Cofferati, una nuova promessa a sinistra


  • Ermes Antonucci

"Mai in Europa, sarei un ciarlatano" confidò fieramente Sergio Cofferati nel 2008, otto mesi prima di essere puntualmente eletto in Parlamento Europeo. "Non farò alcun ricorso, nonostante le irregolarità" aveva annunciato in conferenza stampa poche ore prima delle primarie in Liguria. Promessa, anche questa, non mantenuta: una volta sconfitto, l'ex segretario della Cgil ha sbottato, ha lasciato il Pd, e ha reso noto che presenterà un esposto in procura. A questo punto c'è da temere anche per l'altra promessa, fatta da Cofferati proprio nel momento dell'addio: "Non lancerò un nuovo partito, ma solo un'associazione culturale".

 

La minoranza Pd, Fassina, i civatiani, Sel, infatti, già scalpitano di fronte a colui che potrebbe diventare la loro nuova bandiera, cavalcando l'ultima onda dell'insoddisfazione.
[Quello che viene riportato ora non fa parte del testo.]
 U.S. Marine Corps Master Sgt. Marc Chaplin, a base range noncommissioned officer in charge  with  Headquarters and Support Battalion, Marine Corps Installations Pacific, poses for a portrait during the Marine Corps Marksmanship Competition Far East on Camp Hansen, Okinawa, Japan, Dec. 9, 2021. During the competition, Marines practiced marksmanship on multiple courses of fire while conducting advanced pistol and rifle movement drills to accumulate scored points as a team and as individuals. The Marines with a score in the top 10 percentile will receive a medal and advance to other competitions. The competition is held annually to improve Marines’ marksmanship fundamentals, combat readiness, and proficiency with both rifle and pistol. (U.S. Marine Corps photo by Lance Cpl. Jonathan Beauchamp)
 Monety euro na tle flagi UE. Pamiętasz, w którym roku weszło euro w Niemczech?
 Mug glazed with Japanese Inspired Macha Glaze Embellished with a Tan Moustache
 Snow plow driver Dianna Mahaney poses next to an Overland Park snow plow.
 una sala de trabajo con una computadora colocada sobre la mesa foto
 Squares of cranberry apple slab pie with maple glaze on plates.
E se la coerenza tra parole e fatti di Cofferati è quella sopraccitata, allora la possibilità reale di veder nascere l'ennesima lista di presunto antagonismo di sinistra, sostenuta dalla solita compagnia di giro di sedicente anima progressista e dal solito armamentario post-Pci, effettivamente esiste.

 

La situazione a sinistra, del resto, è la solita, desolante quanto la propaganda populistica di regime realizzata quotidianamente da Matteo Renzi (l'altra faccia della stessa medaglia, quella di un centrosinistra ancora sprovvisto di una moderna cultura liberale): per capirlo basta pensare alle parole dell'onnipresente "dissidente" Stefano Fassina, per il quale "il modo sbrigativo, offensivo per la dignità di Cofferati con cui la sua scelta è stata trattata, peserà notevolmente sul voto per il Quirinale".

 

Insomma, tanto è profondo l'ideologismo nostalgico anti-renziano, che Fassina, dimenticando peraltro i suoi stessi continui allarmi sulla situazione democratica interna al Pd e le proprie seguenti lezioni di progressismo, concepisce le trattative sul nome del prossimo presidente della Repubblica nientemeno che una mera battaglia politica, il cui l'esito sarebbe determinato, invece che dal riferimento ad un vago interesse generale, persino dal battibecco tra il segretario del partito e un ex sindacalista appena sconfitto alle primarie.

 

Ormai, comunque, quello tra Cofferati e Renzi, sembra aver preso le forme di un duello personale. L'ex sindaco di Bologna ed ora europarlamentare al secondo mandato (senza che nessuno, a livello politico, si sia effettivamente accorto né dell'una né dell'altra cosa), ci è andato giù pesante, dichiarando che "il Pd è un partito alla frutta" e che "il modello Renzi compra i voti", accusando il segretario dem di non rispondere nel merito. Al leader del Pd, però, che gli ricorda che "sta lì grazie ai voti del Pd" e che lo ha candidato sei mesi fa "quando Cofferati non denunciava i valori del Pd né parlava di partito alla frutta", è il neo-dimissionario a non rispondere. Il timore, forse, è quello di cadere in una nuova figuraccia.